▶ **Exercise requirements**:
Your copy should match the records exactly, except that no pictures appear in it.

(Stored data)

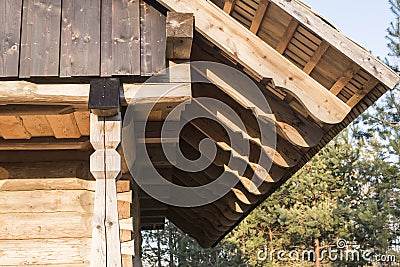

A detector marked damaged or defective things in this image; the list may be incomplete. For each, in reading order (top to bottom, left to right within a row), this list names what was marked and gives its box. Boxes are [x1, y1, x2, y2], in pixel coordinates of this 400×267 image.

dark burned plank [0, 0, 22, 77]
dark burned plank [19, 0, 61, 78]
dark burned plank [61, 0, 101, 77]
dark burned plank [101, 0, 141, 77]
dark burned plank [141, 0, 166, 76]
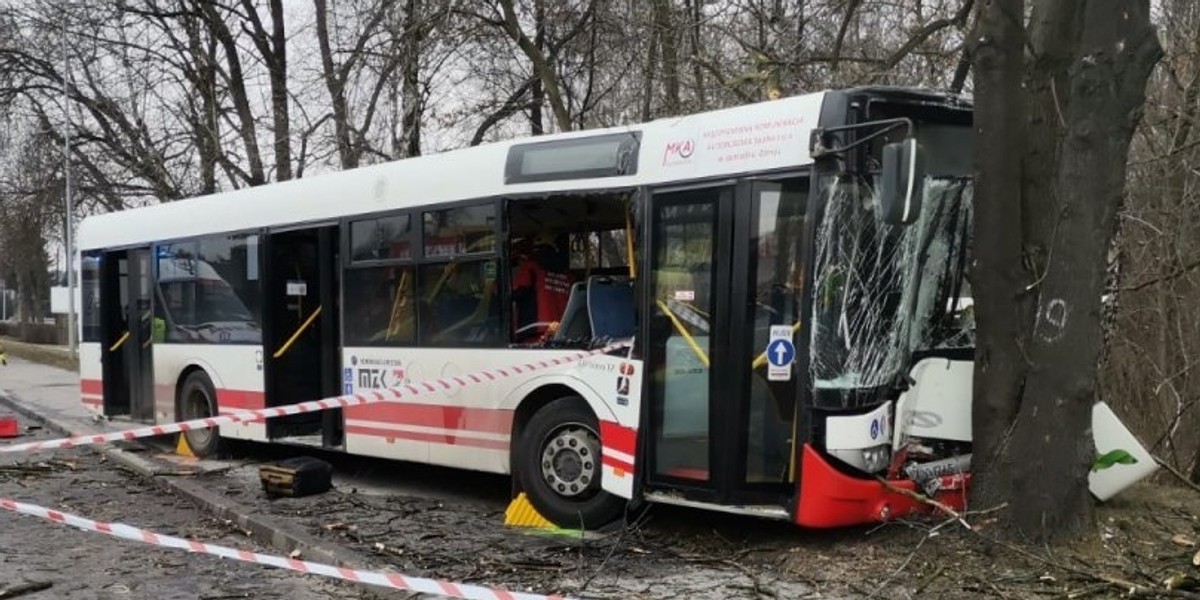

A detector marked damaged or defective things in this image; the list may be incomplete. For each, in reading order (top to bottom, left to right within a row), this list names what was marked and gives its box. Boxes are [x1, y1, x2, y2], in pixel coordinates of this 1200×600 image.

▶ **Finished exercise**:
A detector marked damaged or defective things in this image; the list may be incomplete. For each, in reading order (top to bottom, left to right within a row), this list names what was marked and gives its box. Boxes are [x1, y1, x2, y2], in pixel coordinates of this 400×267 image.

dark burned plank [0, 0, 22, 77]
dark burned plank [19, 0, 61, 78]
dark burned plank [61, 0, 101, 77]
dark burned plank [101, 0, 141, 77]
dark burned plank [141, 0, 166, 76]

A detector marked damaged or defective things in this image; the list may be incomplete. For each, in reading order (top to bottom, left to right within a row), this list names what was marked and gives its box. Boxes are [x1, y1, x2, y2], in pixel coordinates of this 1200×600 image.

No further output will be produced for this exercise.